> _ABOUT THIS EXERCISE_: Render every line of the data exactly as written, and leave out the pictures.

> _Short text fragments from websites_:
────────────────────

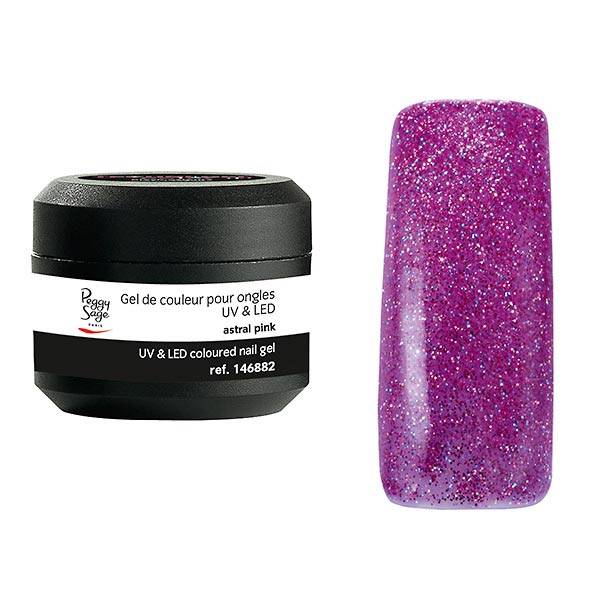 Gel de couleur UV & LED Color It - Astral pink 5g de la marque Peggy Sage Contenance 5g - 1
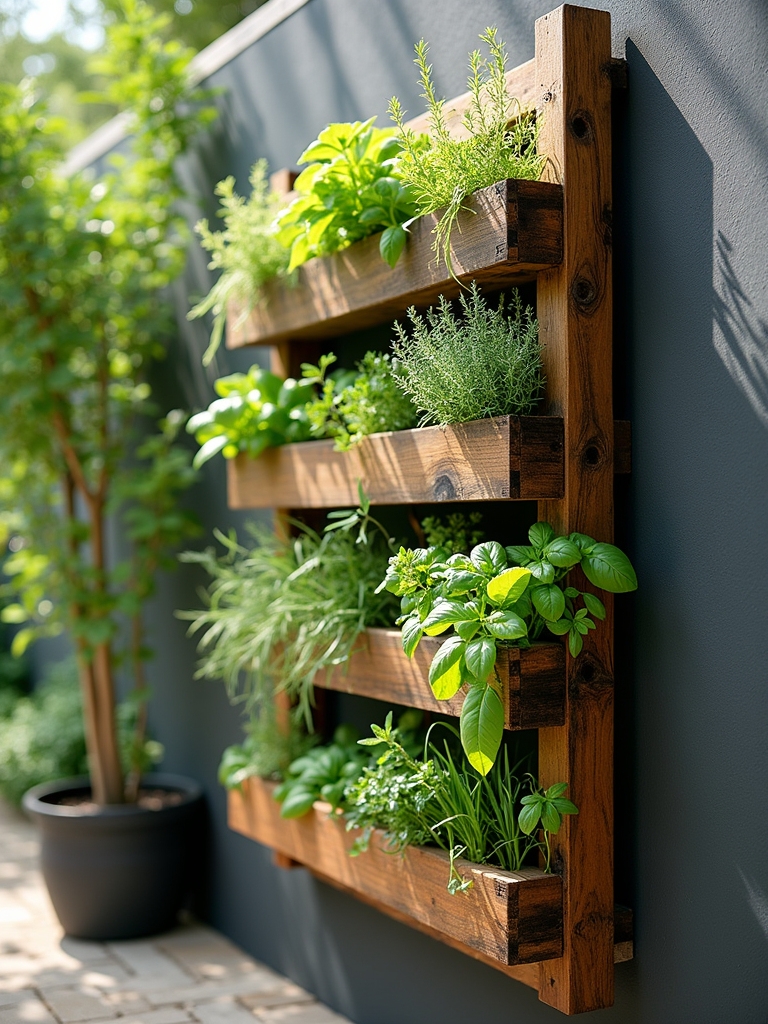 vertical herb garden pallets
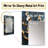 Gold and Green Abstract marble Aura V - Marble Wall Mirror, Modern Decorative Mirror, Printed Metal Art-1829998187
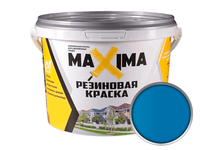 Краска резиновая MAXIMA № 101 Байкал (синий), 2.5 кг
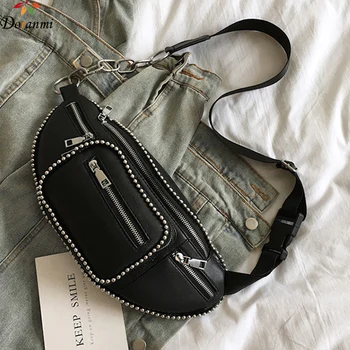 DORANMI Beading Waist Bags For Women 2019 Leather Fanny Pack Female Waist Pack Zipper Closure Belt Bag Corssbody Nerka DJB568
DORANMI Beading Waist Bags For Women 2019 Leather Fanny Pack Female Waist Pack Zipper Closure Belt Bag Corssbody Nerka DJB568
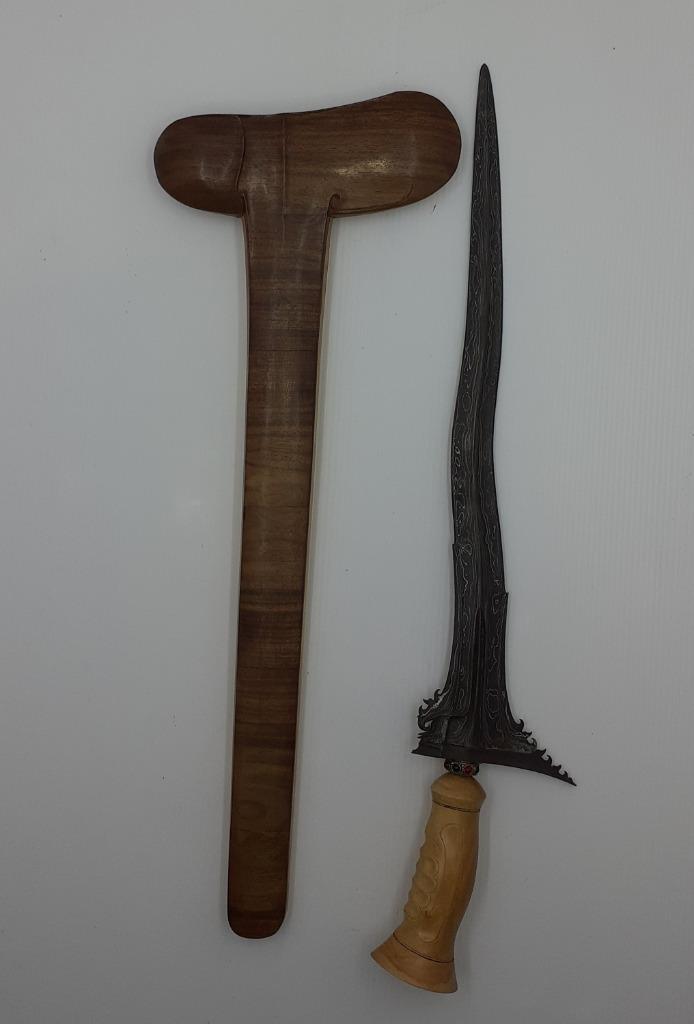 Nieuwe Keris Bali Pudhak Jangkung 3 Luk Batun Poh Kris PKS50, Antiek en Kunst, Kunst | Niet-Westerse kunst, Verzenden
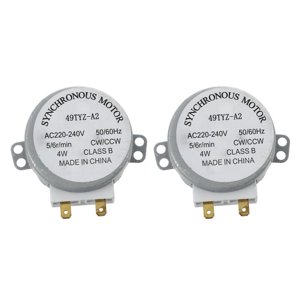 2X AC 220-240V 50/60Hz 5/6RPM 4W Moteur tournant synchrone pour four à micro-ondes,2 x Moteur synchrone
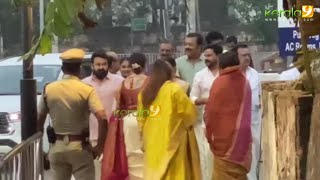 Suresh Gopi Daughter Marriage Mammootty Mohanlal Family at Guruvayur Temple [upl. by Forsyth]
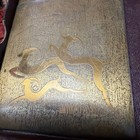 Vintage G c  Deer Gold Silver Elgin American Usa Cigarette Case Lighter Tobacco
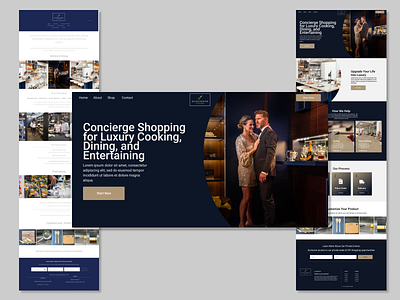 Epicurean Essentials Redesign (Feedback plz!) before and after concierge luxury redesign web web design
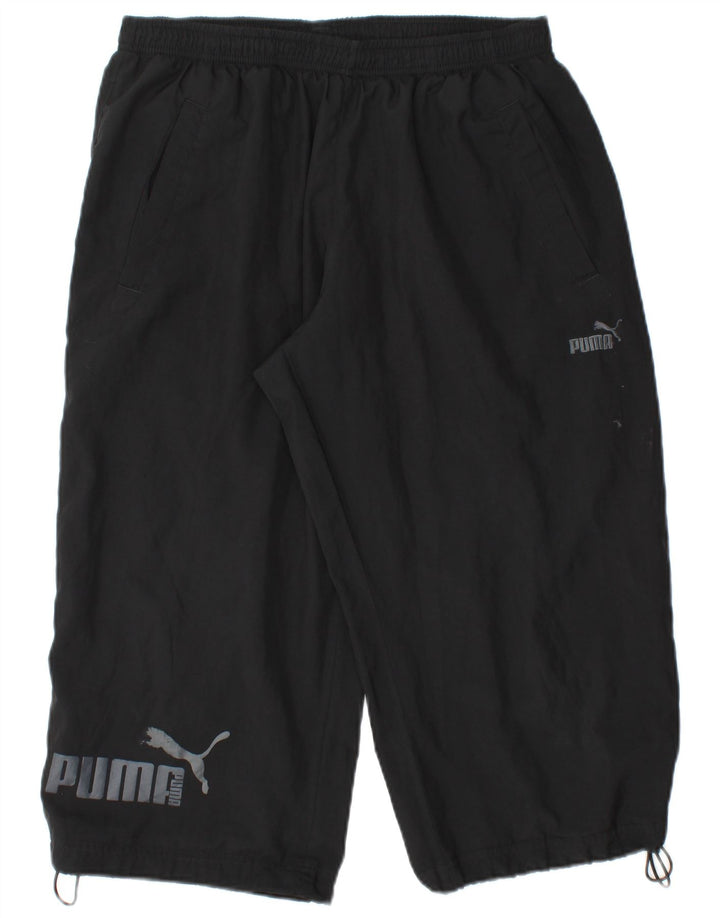 PUMA Herren Graphic Capri-Trainingshose, Größe L, Schwarz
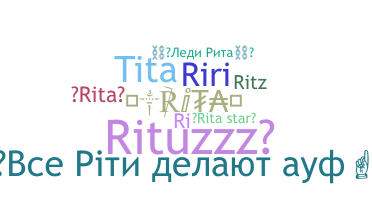 Nickname - Rita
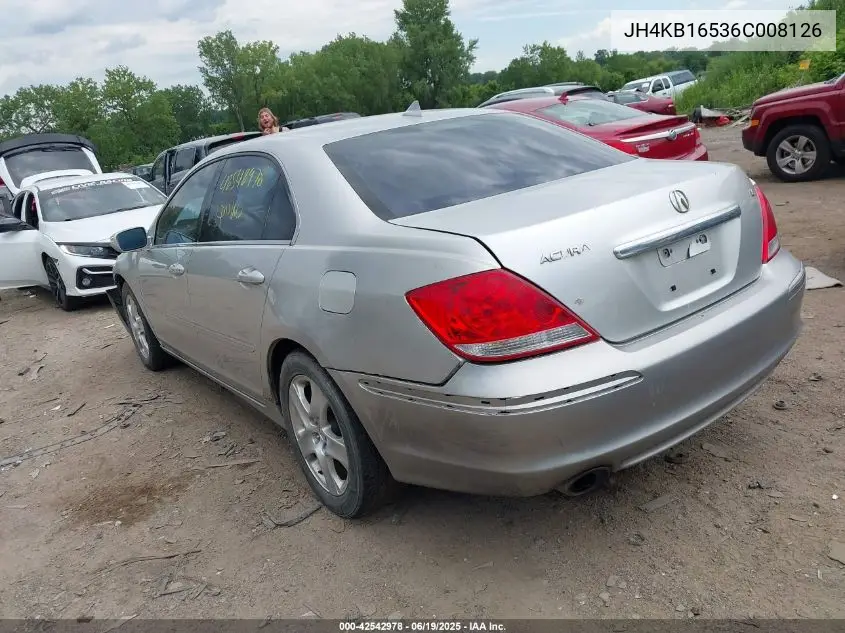2006 Acura Rl 3.5 VIN: JH4KB16536C008126 Lot: 42542978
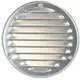 Metal ventilation grille round Ø 125mm zinc - MR125ZN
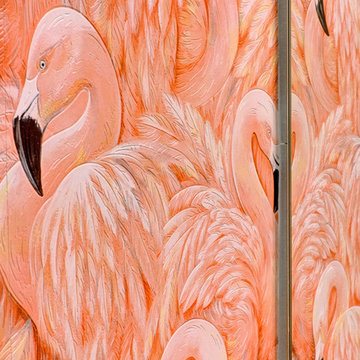 FiDi Flamingo Powder Room Project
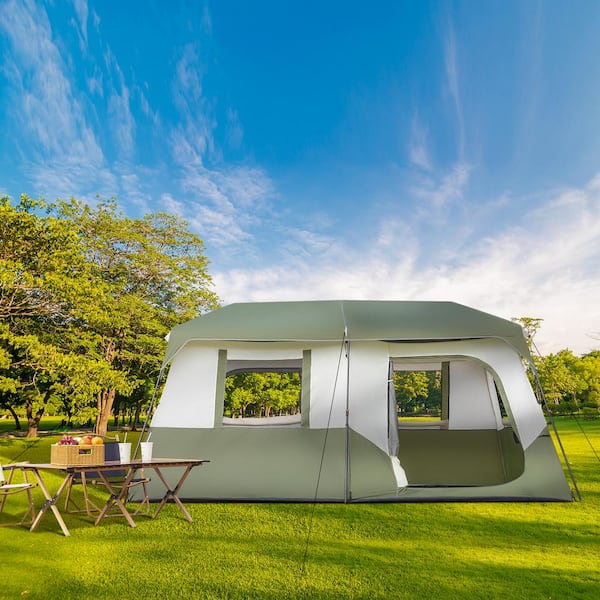 Karl home 8-Person Pop Up Automatic Iron Frame Family Camping Tent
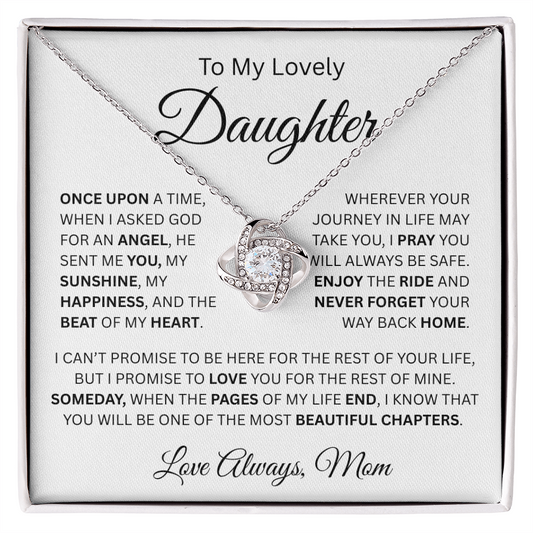 Beautiful Gift For Daughter From Mom | Love Knot Necklace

────────────────────

> _EXPECTED ANSWER_:
 Gel de couleur UV & LED Color It - Astral pink 5g de la marque Peggy Sage Contenance 5g - 1
 vertical herb garden pallets
 Gold and Green Abstract marble Aura V - Marble Wall Mirror, Modern Decorative Mirror, Printed Metal Art-1829998187
 Краска резиновая MAXIMA № 101 Байкал (синий), 2.5 кг
 DORANMI Beading Waist Bags For Women 2019 Leather Fanny Pack Female Waist Pack Zipper Closure Belt Bag Corssbody Nerka DJB568
DORANMI Beading Waist Bags For Women 2019 Leather Fanny Pack Female Waist Pack Zipper Closure Belt Bag Corssbody Nerka DJB568
 Nieuwe Keris Bali Pudhak Jangkung 3 Luk Batun Poh Kris PKS50, Antiek en Kunst, Kunst | Niet-Westerse kunst, Verzenden
 2X AC 220-240V 50/60Hz 5/6RPM 4W Moteur tournant synchrone pour four à micro-ondes,2 x Moteur synchrone
 Suresh Gopi Daughter Marriage Mammootty Mohanlal Family at Guruvayur Temple [upl. by Forsyth]
 Vintage G c  Deer Gold Silver Elgin American Usa Cigarette Case Lighter Tobacco
 Epicurean Essentials Redesign (Feedback plz!) before and after concierge luxury redesign web web design
 PUMA Herren Graphic Capri-Trainingshose, Größe L, Schwarz
 Nickname - Rita
2006 Acura Rl 3.5 VIN: JH4KB16536C008126 Lot: 42542978
 Metal ventilation grille round Ø 125mm zinc - MR125ZN
 FiDi Flamingo Powder Room Project
 Karl home 8-Person Pop Up Automatic Iron Frame Family Camping Tent
 Beautiful Gift For Daughter From Mom | Love Knot Necklace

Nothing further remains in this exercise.